Okome hopes the symposium, held at Maine's Bowdoin College in early December, will launch a plethora of scholarly activities focused on the latest wave of African migration to the United States.
"Many people look at African migration to Europe, but not as many at migration to the U.S.," explains Okome. "It's important that we have a more serious analysis of transnationalism, that we make connections and encourage a dialogue that speaks to people of African descent here."
Okome coordinated the Bowdoin symposium with leading Africanist scholar, Olufemi "Femi" Vaughan, the Geoffrey Canada Professor of Africana Studies and History and director of African Studies at Bowdoin. The symposium brought together scholars from across the country and from Canada to explore topics from how African dress and how religions factor into migration to the Nigerian film industry and African philanthropy. Okome said the idea for the project came about after she did a panel presentation on transnational Africa at last year's African Studies Association meeting held in New York.

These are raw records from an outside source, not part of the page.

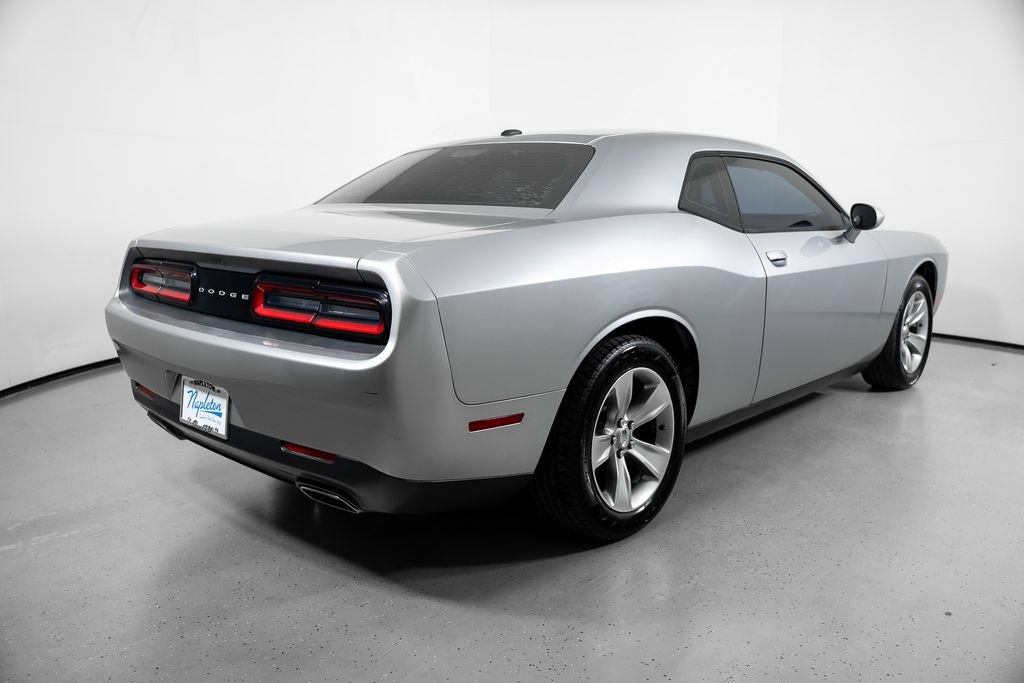 Used 2016 Dodge Challenger SXT RWD image 9
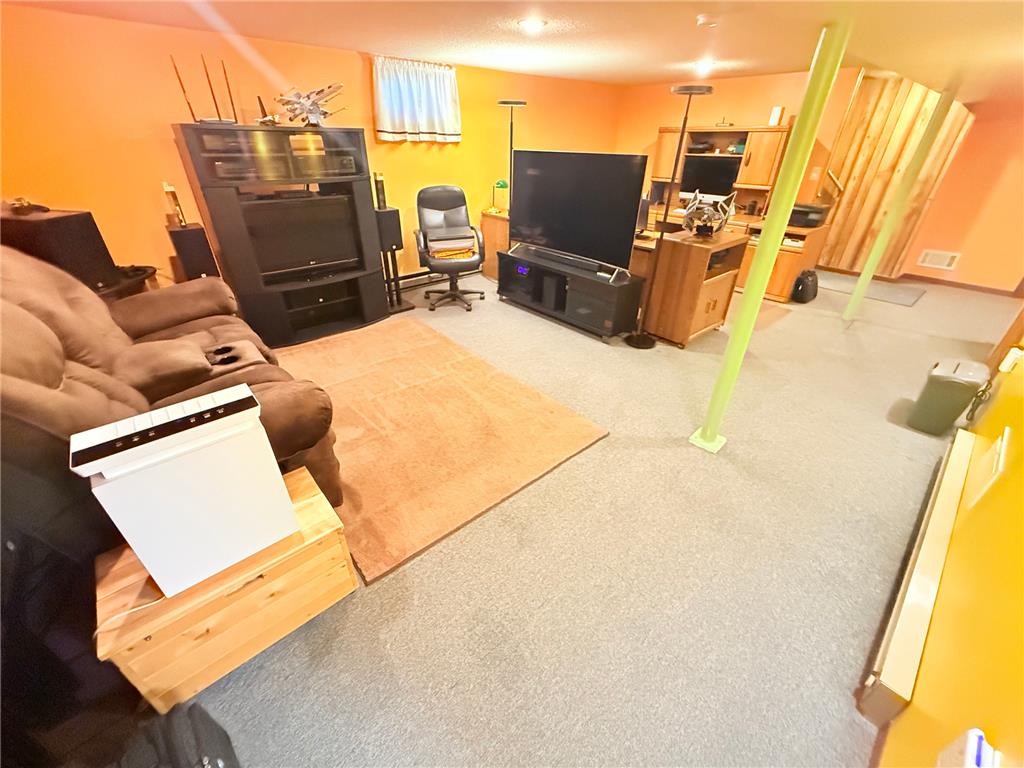 2055 English Street Maplewood MN 55109 7101643 image13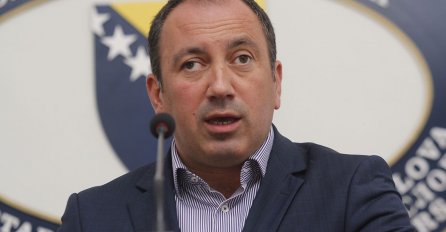 Crnadak: Dodik danas ima razlog za slavlje, ali u oktobru ide u opoziciju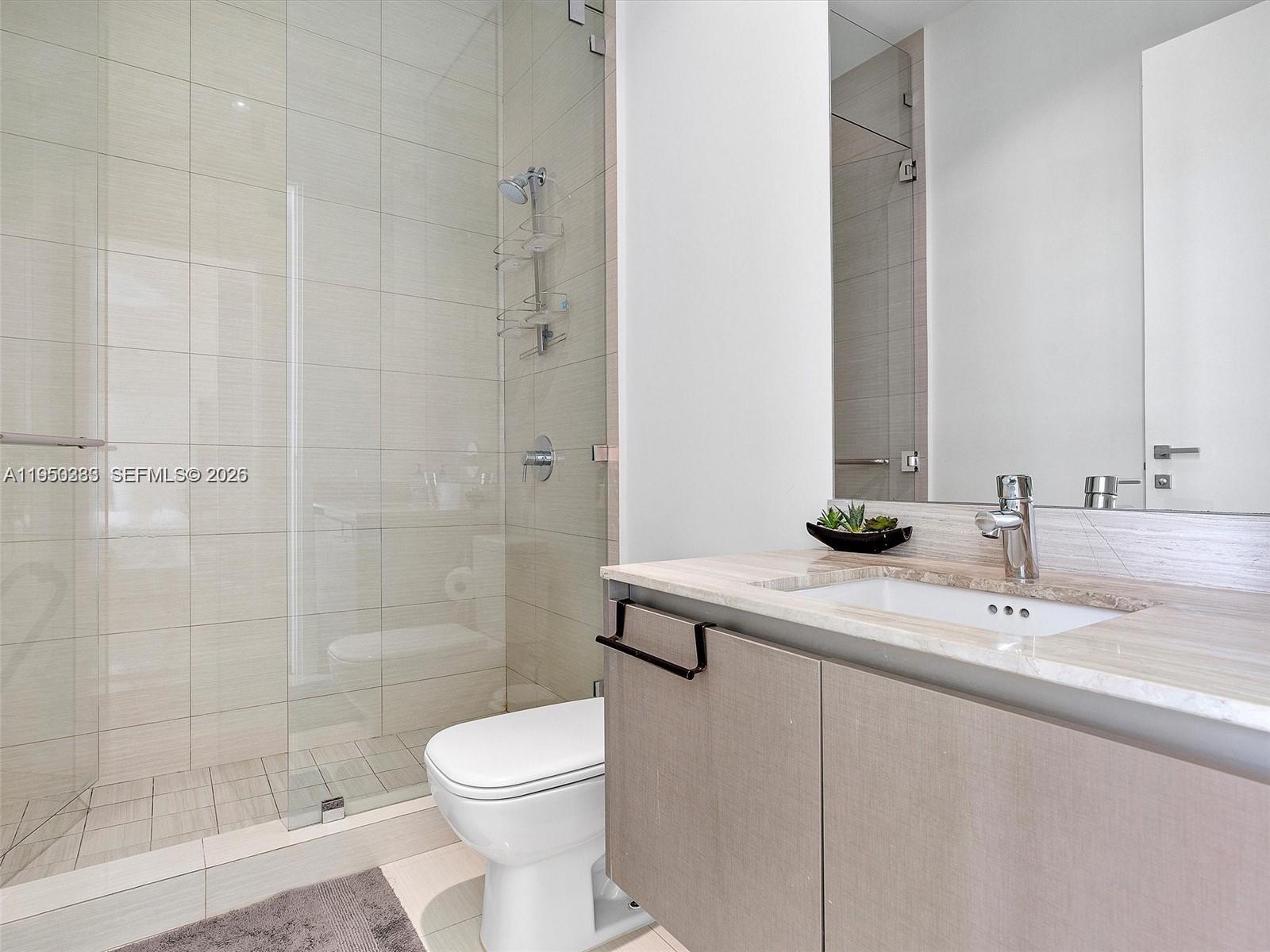 3250 NE 188th St Unit: UPH02 + ROOFTOP W/ POOL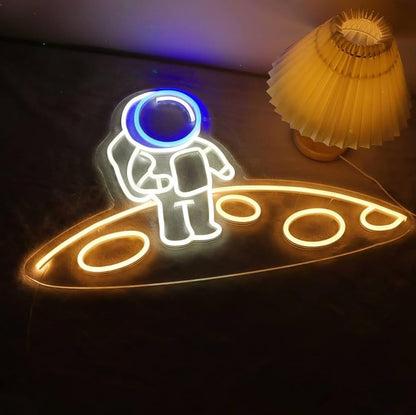Letrero de neón de astronauta, gran astronauta de pie en el planeta para sala de juegos, decoración de pared para habitación espacial, regalos de cumpleaños, tamaño medidas 60x38cm 12 v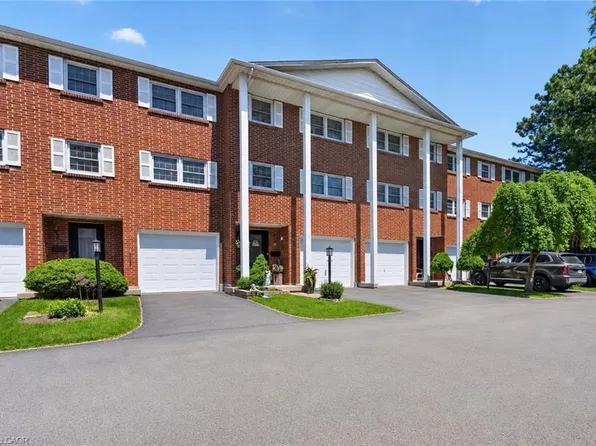 91 Livingston Ave #4, Grimsby, ON L3M 1L4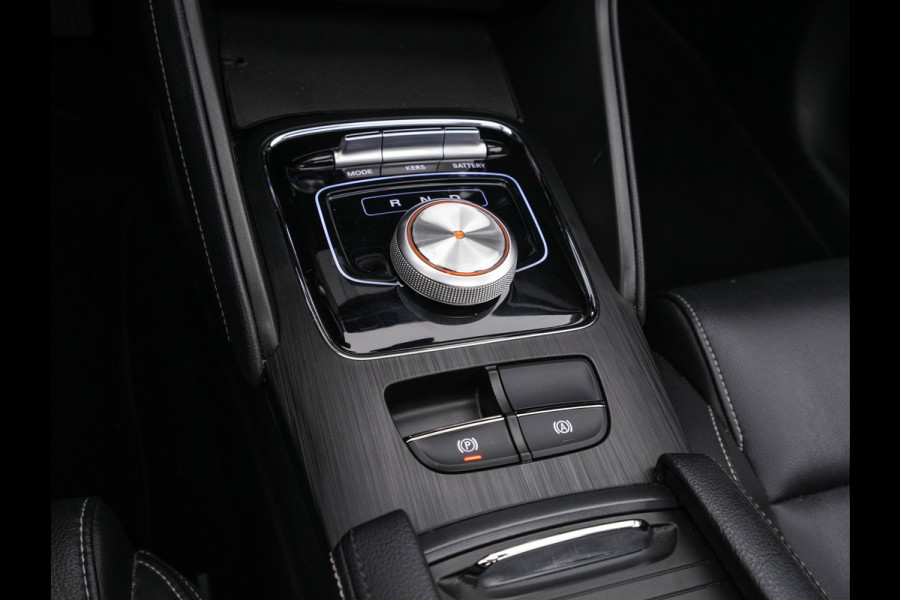 MG ZS EV Luxury 45 kWh (INCL-BTW) *PANO | FULL-LEATHER | CCS-FASTLOADER | KEYLESS | NAVI-FULLMAP | ADAPTIVE-CRUISE | CAMERA | HEATED-SPORT-SEATS | CARPLAY | BLINDSPOT | DAB | LANE-ASSIST | 17"ALU*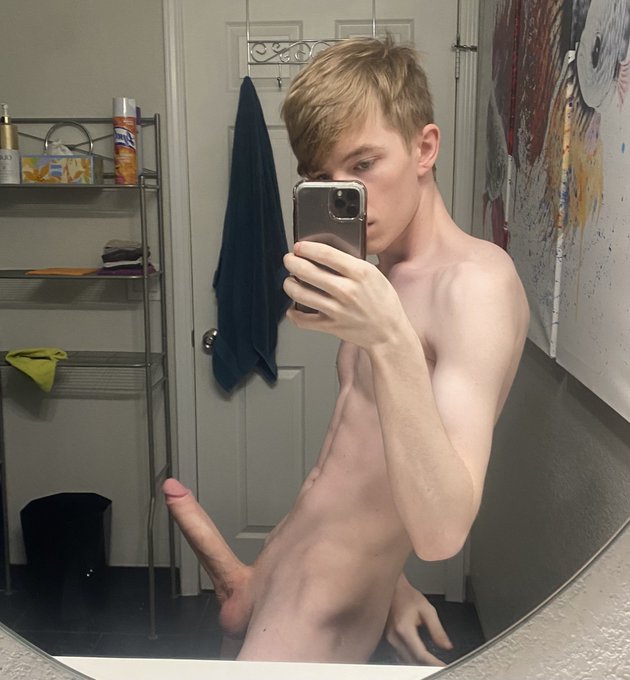 It isn’t going to suck itself 😜 https://t.co/3WYbGmmHhH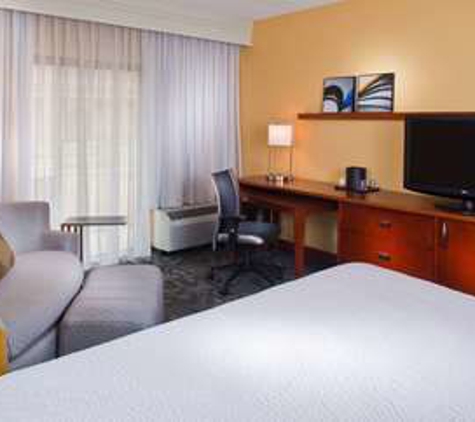 Courtyard by Marriott - Memphis, TN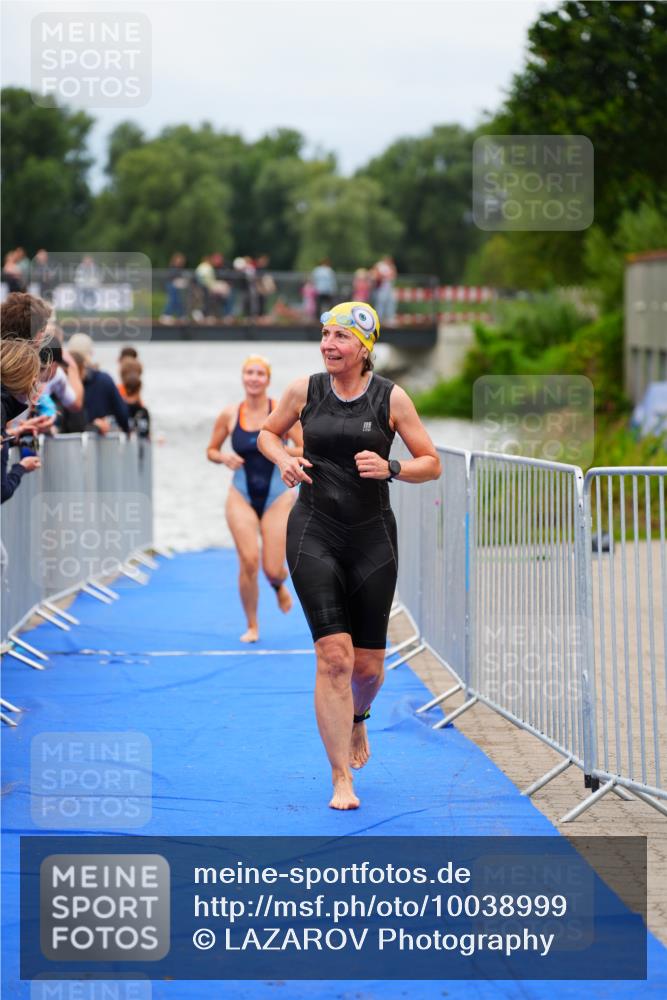 30.08.2026 - Elbe Triathlon Hamburg LAZAROV Photography http://msf.ph/oto/10038999 30.08.2026 14:05:10 Schwimmen 130, 141, 142, 151, 155, 177, 178 meine-sportfotos.de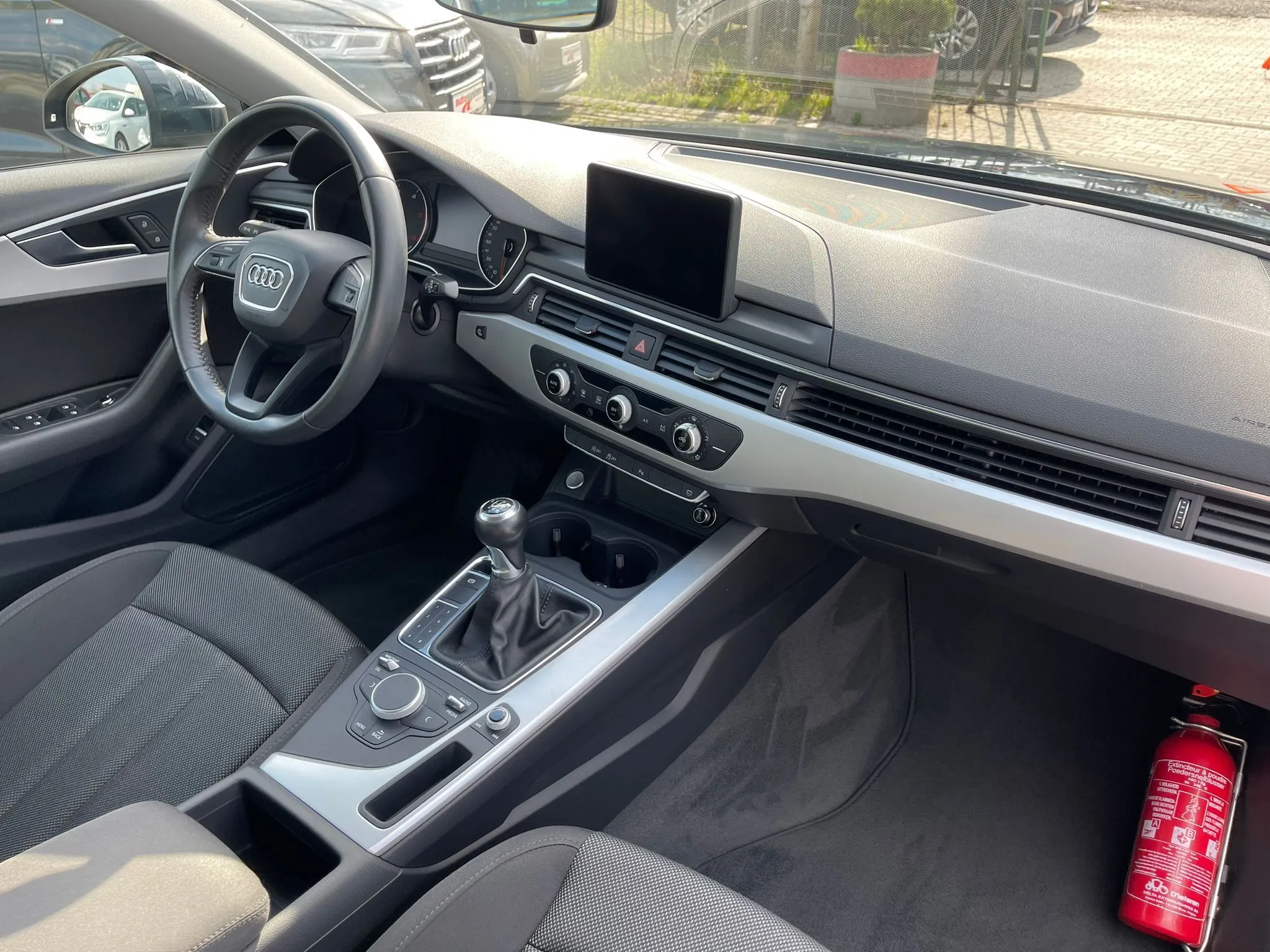 Audi A4 2.0 TDI ULTRA Image 7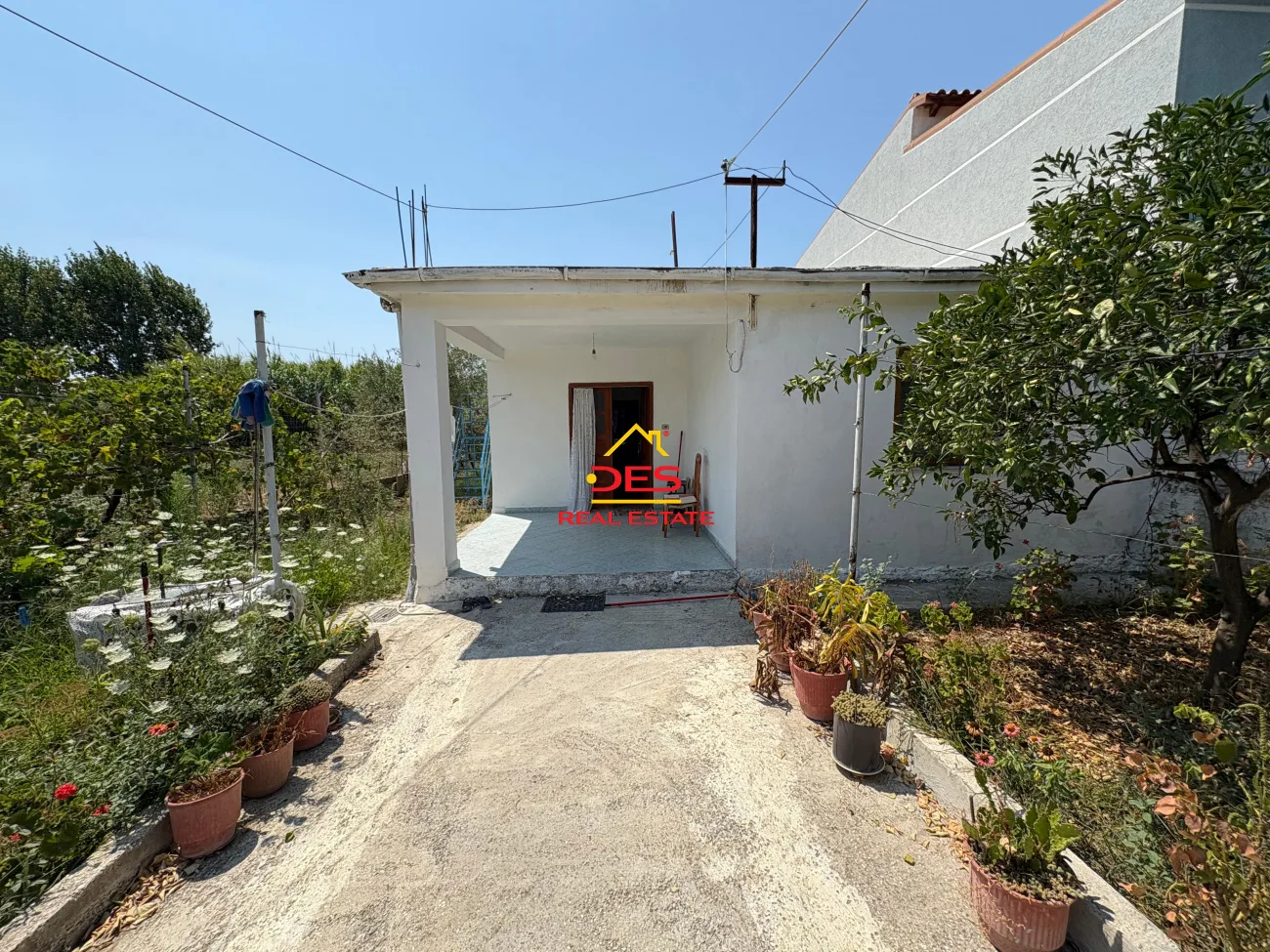 Jepet me qira shtëpi private në pus mezin ,vlorë.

Okome is currently taking a year of sabbatical to coordinate the symposium, among other scholarly pursuits. She hopes that traction from the gathering will lead to a rejuvenation of such efforts as the floundering scholarly journal on African migration, Ìrìnkèrindò (which is Yoruba for perpetual wandering), that she co-edits with Lehman Assistant Professor of African and African American Studies and Director of the Women's Studies Program Bertrade Ngo-Ngijol Banoum. The scholars also hope to publish a book based on the papers presented at the symposium.
Okome, who has been researching African immigration since 1996, pointed out that the current wave of immigration from Africa is markedly different than generations before.
"In the 1970's, people like Barack Obama's father came here to get an education but they always intended to eventually go back home and many of them did," she explains. But when the economies of many African nations began to crumble in the '70s and '80s, and their political situations became unstable, "many people left and never looked back," she says. "This wave has had a significant affect on politics, globalization, and the ways in which people assert their identity."
Okome, who migrated from Africa herself when she was in her early twenties, says her research becomes very personal. She came to the United States reluctantly and always planned to return to her native country of Nigeria.
"Twenty-seven years later, I'm still here," she says, sitting in the dining room of her Midwood home. "But I'm also very motivated to find out why people come from the continent, why they stay and how they meet the challenges of immigration. My research has helped me work out some of my own angst and understand my American children's issues with identity and the continent of Africa."